• **What is being asked**: In the records below, find the line holding "We're in Windows" and the line holding "Let's do that". Set down both, with every line between them, exactly.

• **Data provided**:
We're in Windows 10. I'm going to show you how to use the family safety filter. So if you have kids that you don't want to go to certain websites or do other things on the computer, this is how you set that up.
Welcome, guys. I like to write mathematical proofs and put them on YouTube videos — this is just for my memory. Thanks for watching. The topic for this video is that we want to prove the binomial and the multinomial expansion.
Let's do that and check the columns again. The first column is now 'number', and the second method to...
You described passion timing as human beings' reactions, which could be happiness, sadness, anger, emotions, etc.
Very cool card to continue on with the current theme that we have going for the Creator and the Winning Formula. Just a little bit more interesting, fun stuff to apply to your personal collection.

* * *

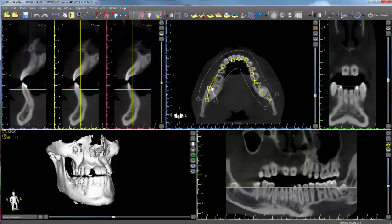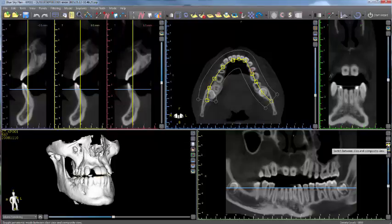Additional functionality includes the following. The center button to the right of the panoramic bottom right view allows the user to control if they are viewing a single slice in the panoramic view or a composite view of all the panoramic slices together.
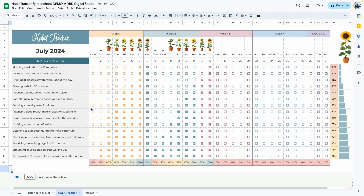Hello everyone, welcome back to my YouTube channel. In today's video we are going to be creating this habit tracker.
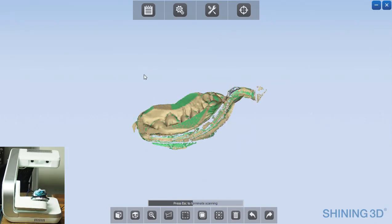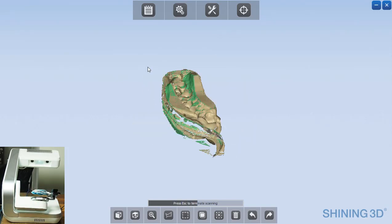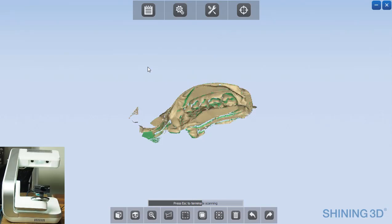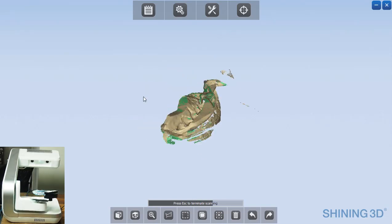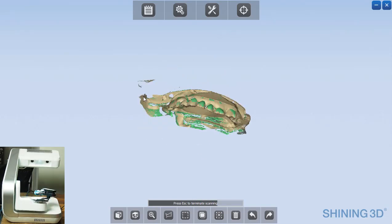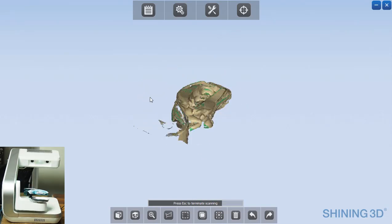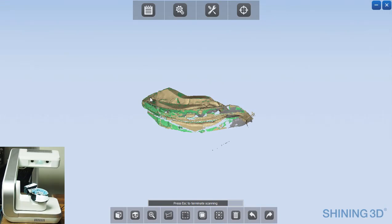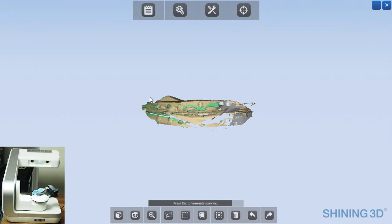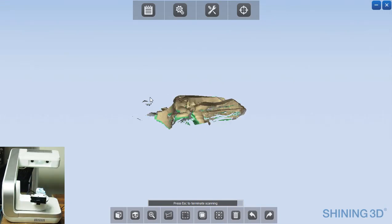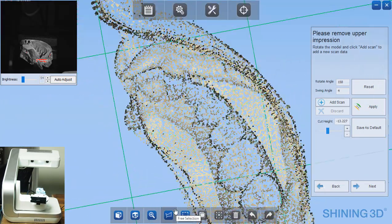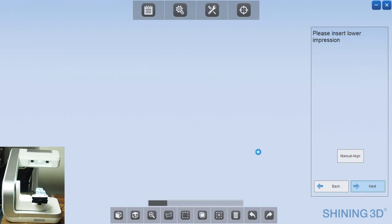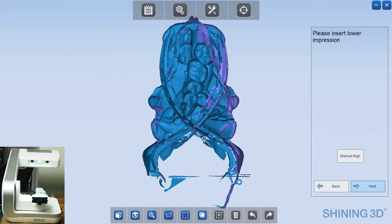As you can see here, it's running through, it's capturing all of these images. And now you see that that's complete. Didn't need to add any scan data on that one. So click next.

• **Exercise solution**:
We're in Windows 10. I'm going to show you how to use the family safety filter. So if you have kids that you don't want to go to certain websites or do other things on the computer, this is how you set that up.
Welcome, guys. I like to write mathematical proofs and put them on YouTube videos — this is just for my memory. Thanks for watching. The topic for this video is that we want to prove the binomial and the multinomial expansion.
Let's do that and check the columns again. The first column is now 'number', and the second method to...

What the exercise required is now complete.